Eigentlich will man als Besucher*in der Cadolzburg heute doch nur das schöne Ambiente, die machtvollen Bauten der Burg oder womöglich das anregende Burgmuseum mit der Familie erleben. Dabei übersieht man beim Durchschlendern des Marktes von der Burg leicht die Reliefs am äußeren Burgtor, von denen eines zudem stark verwittert ist.

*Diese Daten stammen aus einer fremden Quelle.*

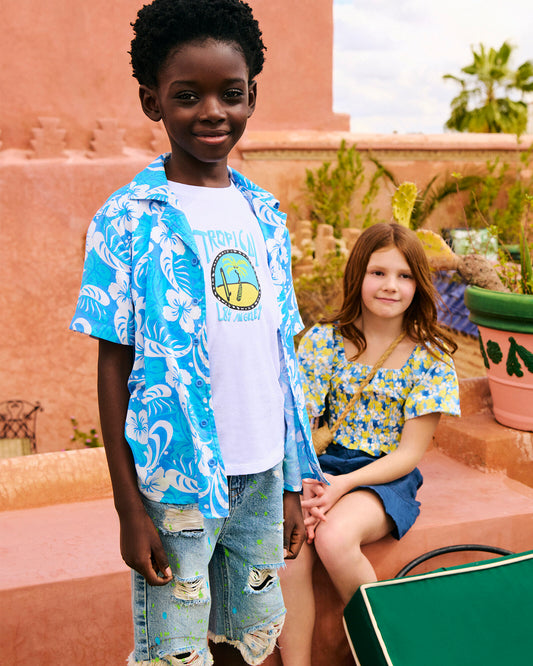 T-shirt tropicale da bambino - Bianco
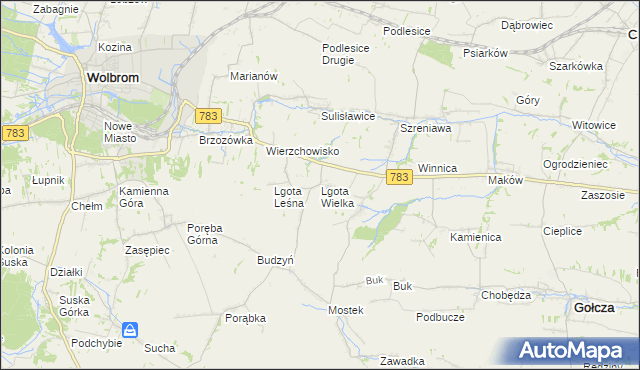 mapa Lgota Wielka gmina Wolbrom, Lgota Wielka gmina Wolbrom na mapie Targeo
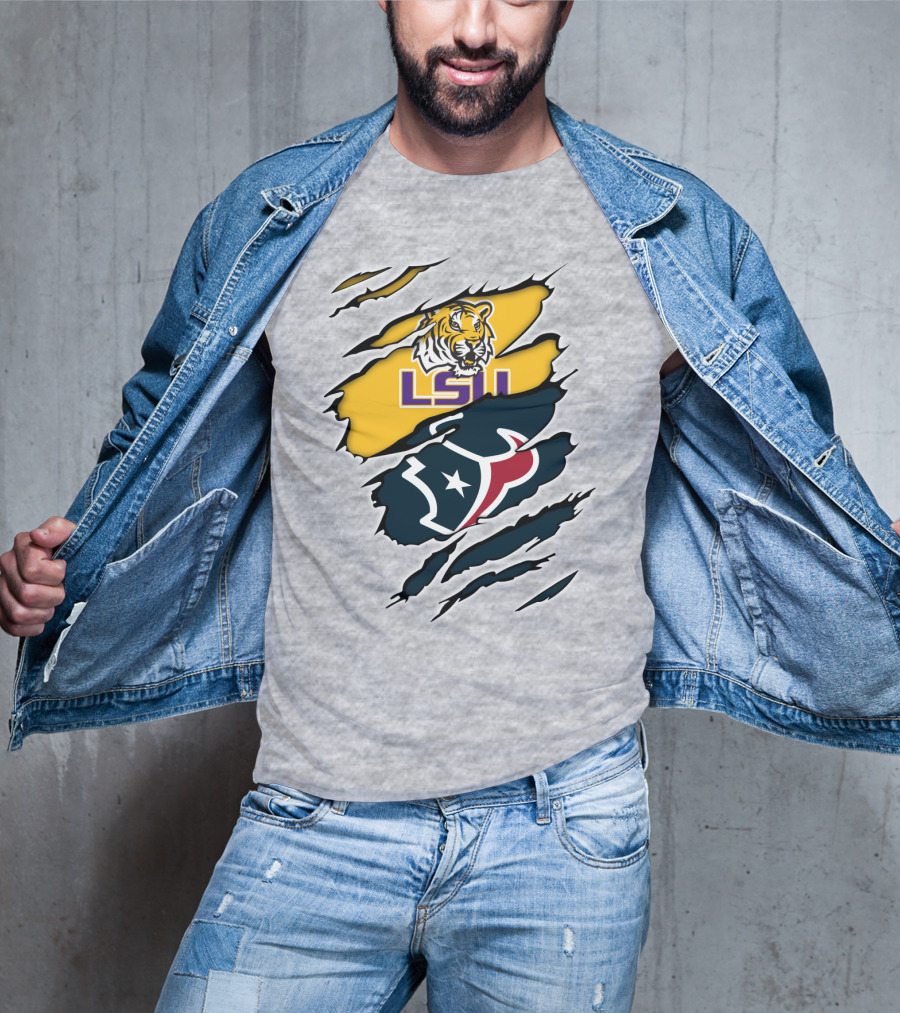 LSU Tigers And Houston Texans Split T-Shirt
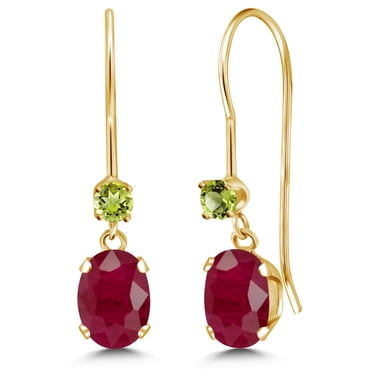 Gem Stone King 14K Yellow Gold Red Ruby and Green Peridot French Wire Dangle Earrings for Women (1.34 Cttw, Gemstone July Birthstone, Oval 6X4MM and Round 2.5MM)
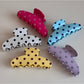 Beau - Polka Dot Fan Shape Resin Claw Clip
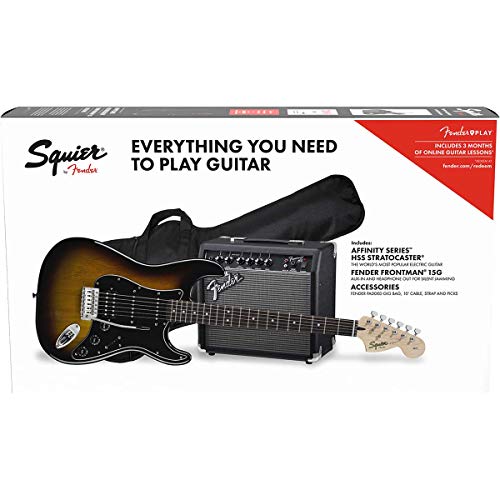 Fender Kit Squier con chitarra HSS Stratocaster serie Affinity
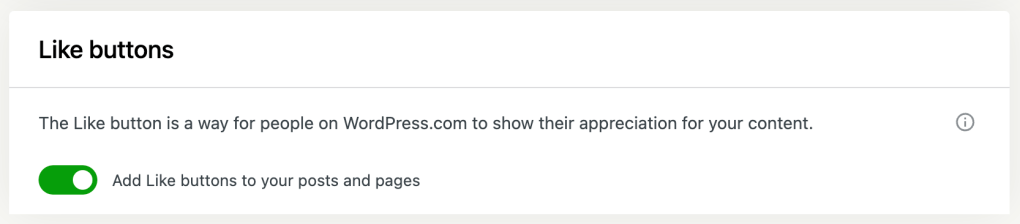 Screenshot of the LIke button Toggle button. In this case it is Toggled on.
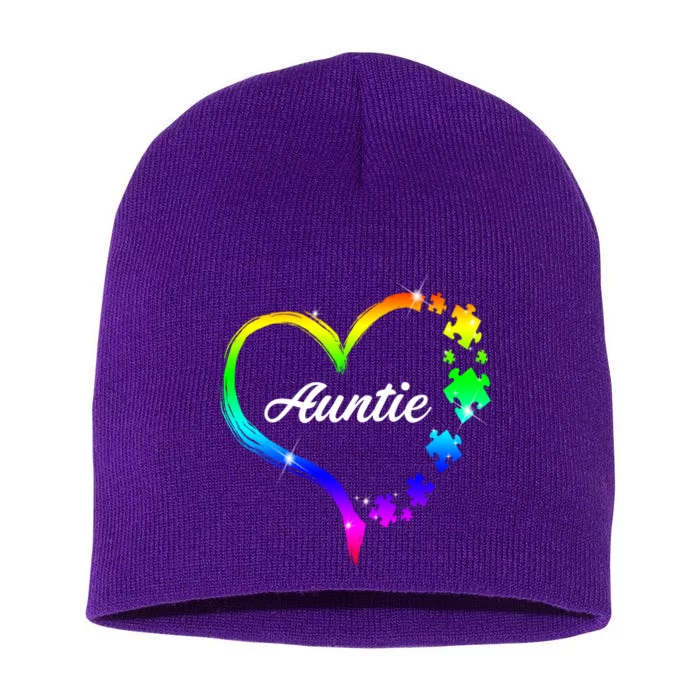 Auntie Autism Awareness Rainbow Heart Short Acrylic Beanie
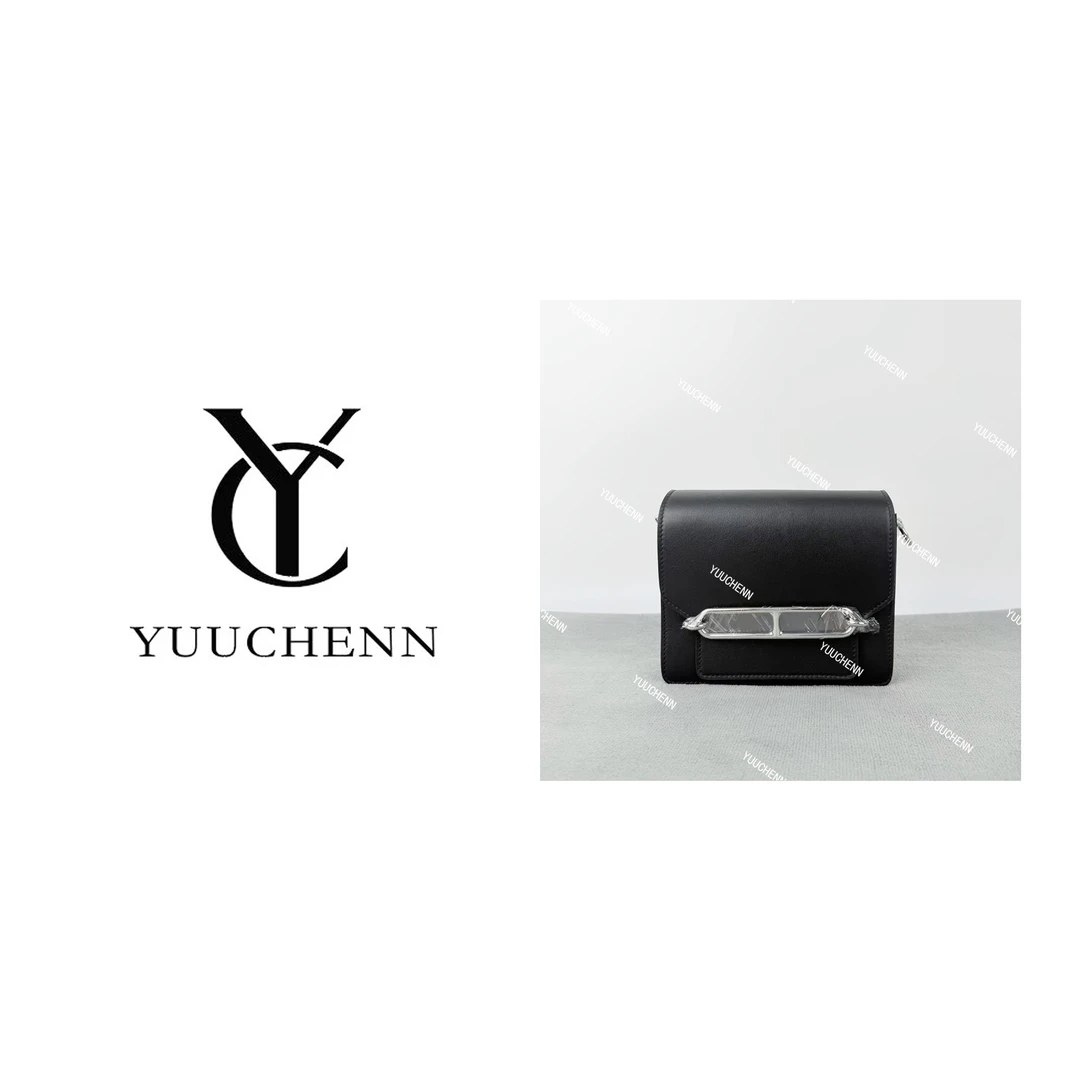 YUUCHENN/【猪鼻子】进口牛皮19cm黑色拼法国蓝 HH6304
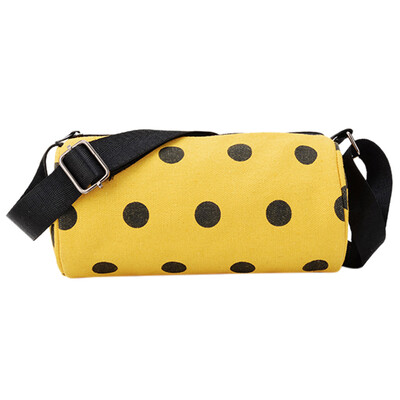 

Children Dot Print Shoulder Bag Fashion Wave Point Messenger Bags For Boys Girls Cylinder Shape Crossbody Bag T10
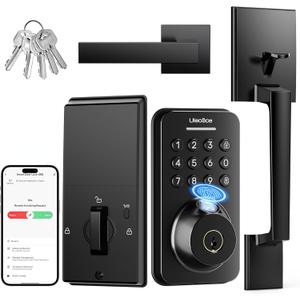Ulecoce Fingerprint Keypad Deadbolt with Handle Set, Keyless Entry Door Lock, Door Locks for Front Door Lock Set, App Control, Auto Locking, Easy to Install, Matte Black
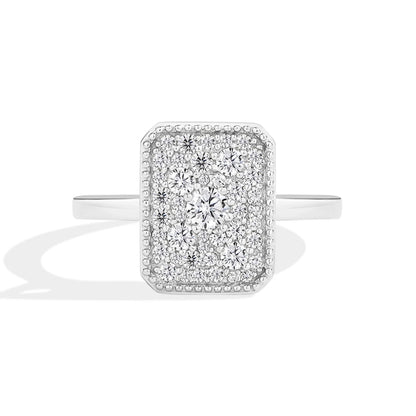 Moissanite rings halo engagement ring with 18k gold plating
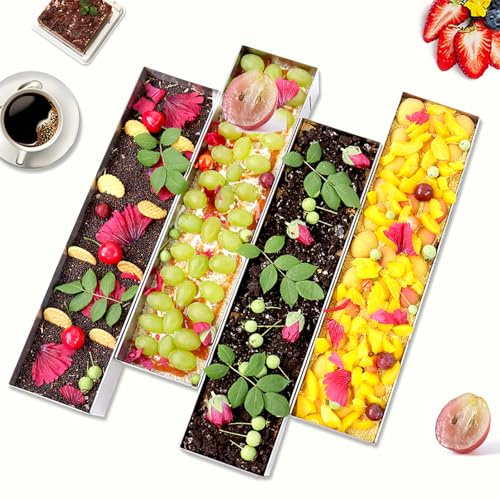 Molde Rectangular de Acero Inoxidable para tiramisú, con Tapa y Dos espátulas, 40 x 10 x 5,8 cm, para Tarta de Queso con tiramisú (Desmontable), Bandeja Rectangular para Hornear Queso
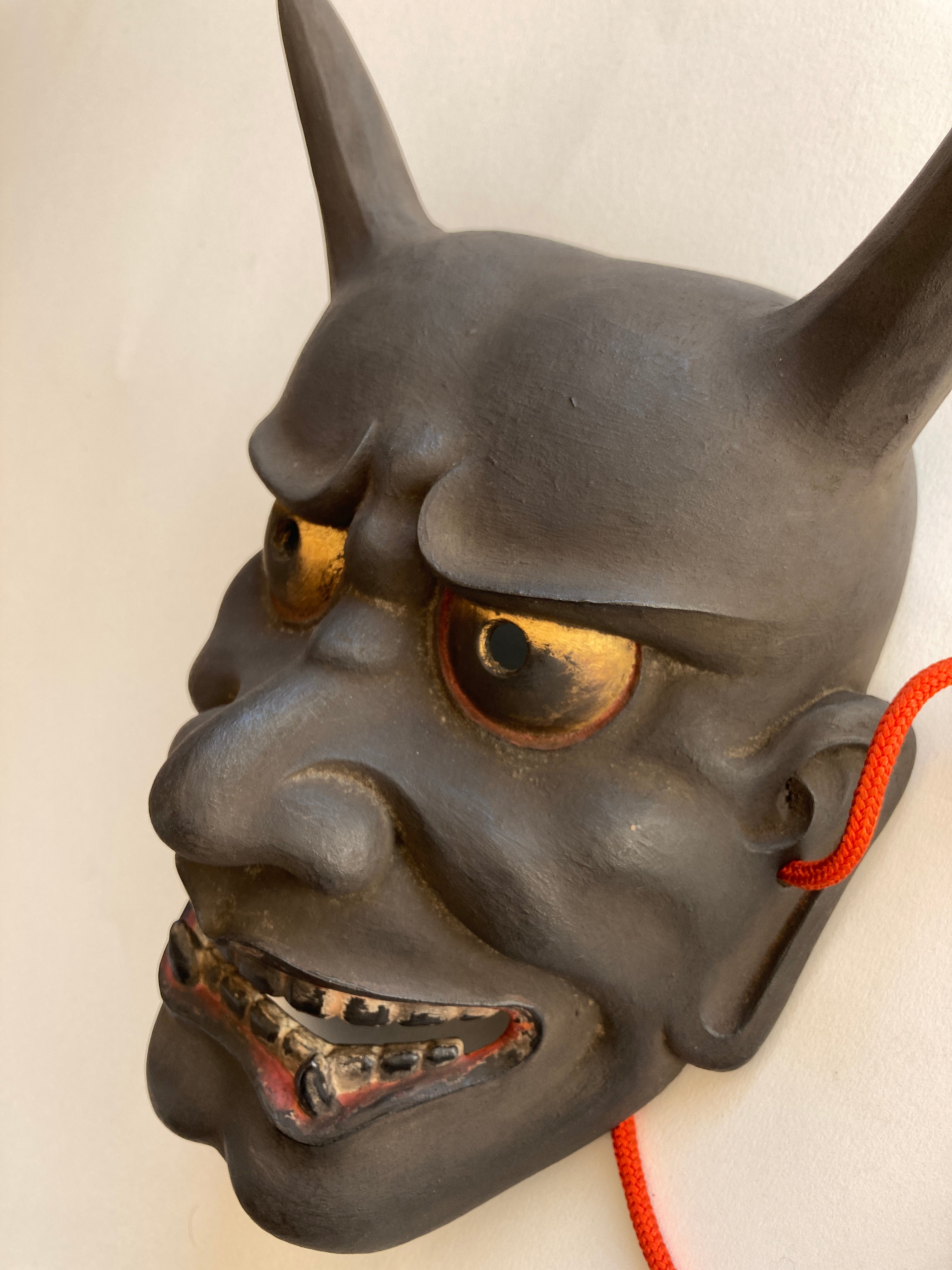 HANNYA by “Arakou”. (Carved in wood, with Pawlonia Box, Silk Bag and Handwritten Certificated).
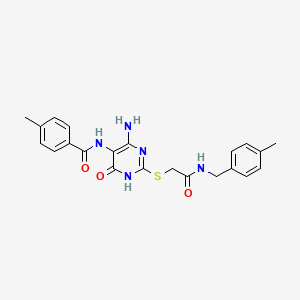 N-(4-amino-2-((2-((4-methylbenzyl)amino)-2-oxoethyl)thio)-6-oxo-1,6-dihydropyrimidin-5-yl)-4-methylbenzamide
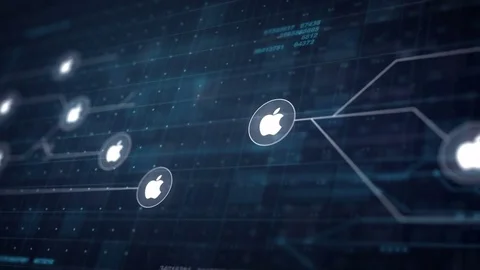 Apple Icon Line Connection of Circuit Board Loop Animation 4K Stock Footage 70597105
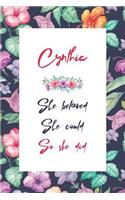 Cynthia Journal: Lined Journal / Notebook - Personalized Name Cynthia Gift - Cynthia's Personal Writing Journal - 120 Pages For Writing And Note Taking For Women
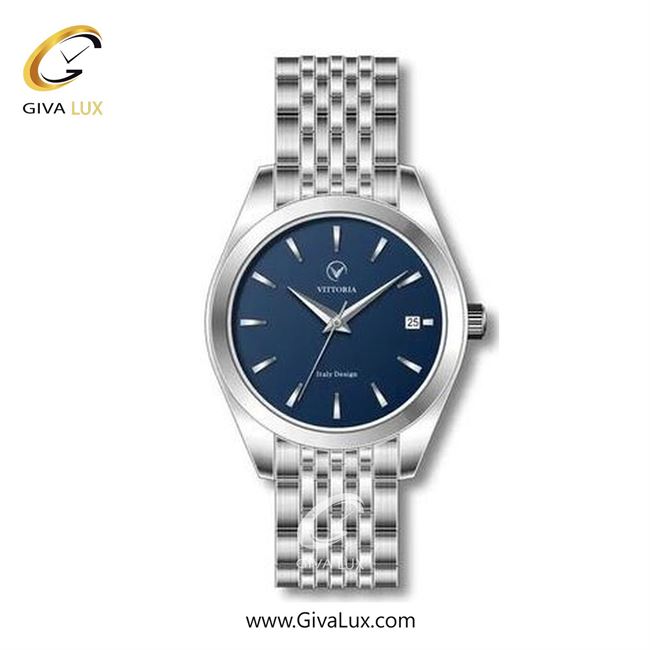 ساعت مچی اورجینال مردانه ویتوریا | Vittoria نقره ای | نقره ای| سرمه ای| کد رفرنس VT3295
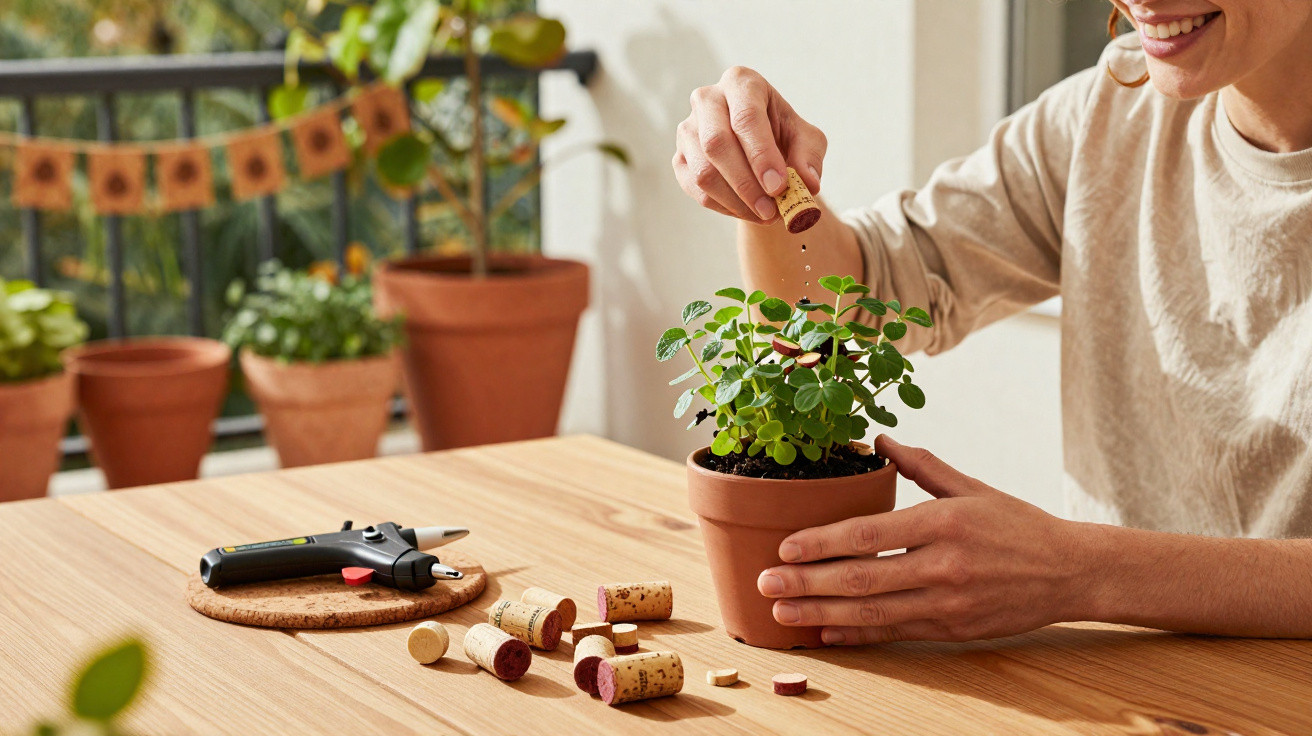 Person using wine corks to fertilise a potted plant on a wooden table with gardening tools nearby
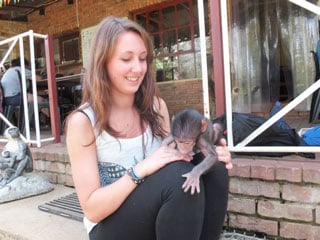 Holding a baby baboon.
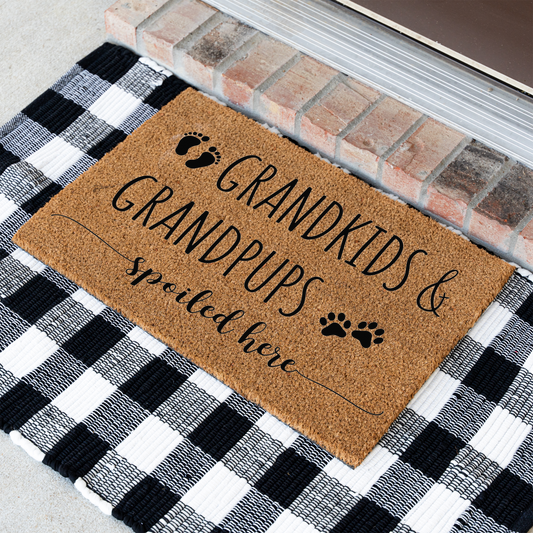 Grandkids Grandpups Spoiled Here Doormat, Perfect Gift for Pet Lovers and Grandparents, Dog Doormat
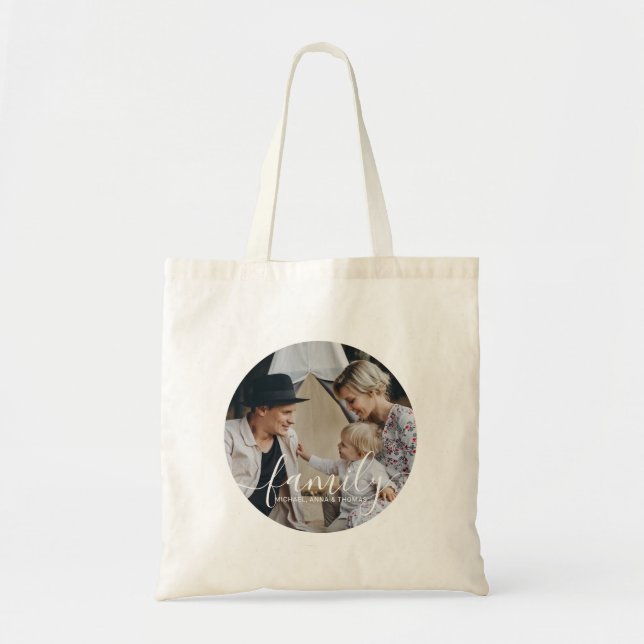 Tote Bag Photo de famille personnalisée avec nom personnali (Devant)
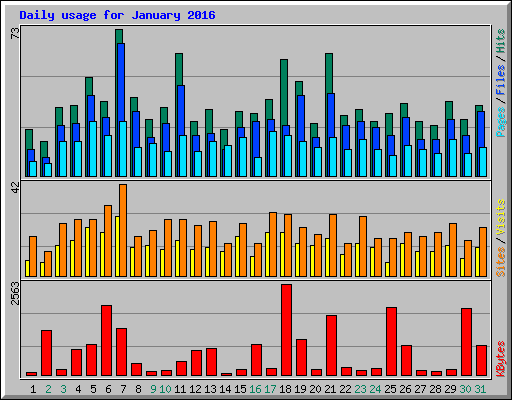 Daily usage for January 2016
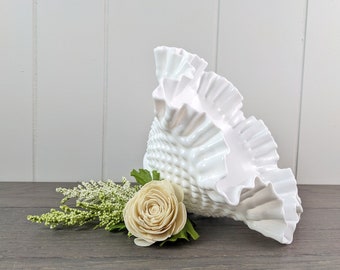 Fenton Hobnail Milk Glass Ruffled Edge Bowl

Oben verweisen die beiden Wappen des 15. Jahrhunderts auf Burgherren aus der Familie der Hohenzollern und ihre Gemahlinnen: links eindeutig das von Friedrich I., Burggraf von Nürnberg und erster Kurfürst/Markgraf von Brandenburg (als solcher regierte er 1417-1440) nebst seiner Frau Elisabeth von Bayern-Landshut (1383-1442), sowie rechts die Wappen eines Sohnes der beiden – möglich sind Johann „der Alchemist“ oder Albrecht Achilles jeweils mit ihrer sächsischen Ehefrau. Abhängig davon, ob man die Wappen und die zugehörigen Herrschaftszeiten der Söhne in Franken als Datierungshilfe nimmt für die Gestaltung des gesamten Tores, ergeben sich unterschiedliche Entstehungszeiten – nicht vor 1417 und nicht nach 1470.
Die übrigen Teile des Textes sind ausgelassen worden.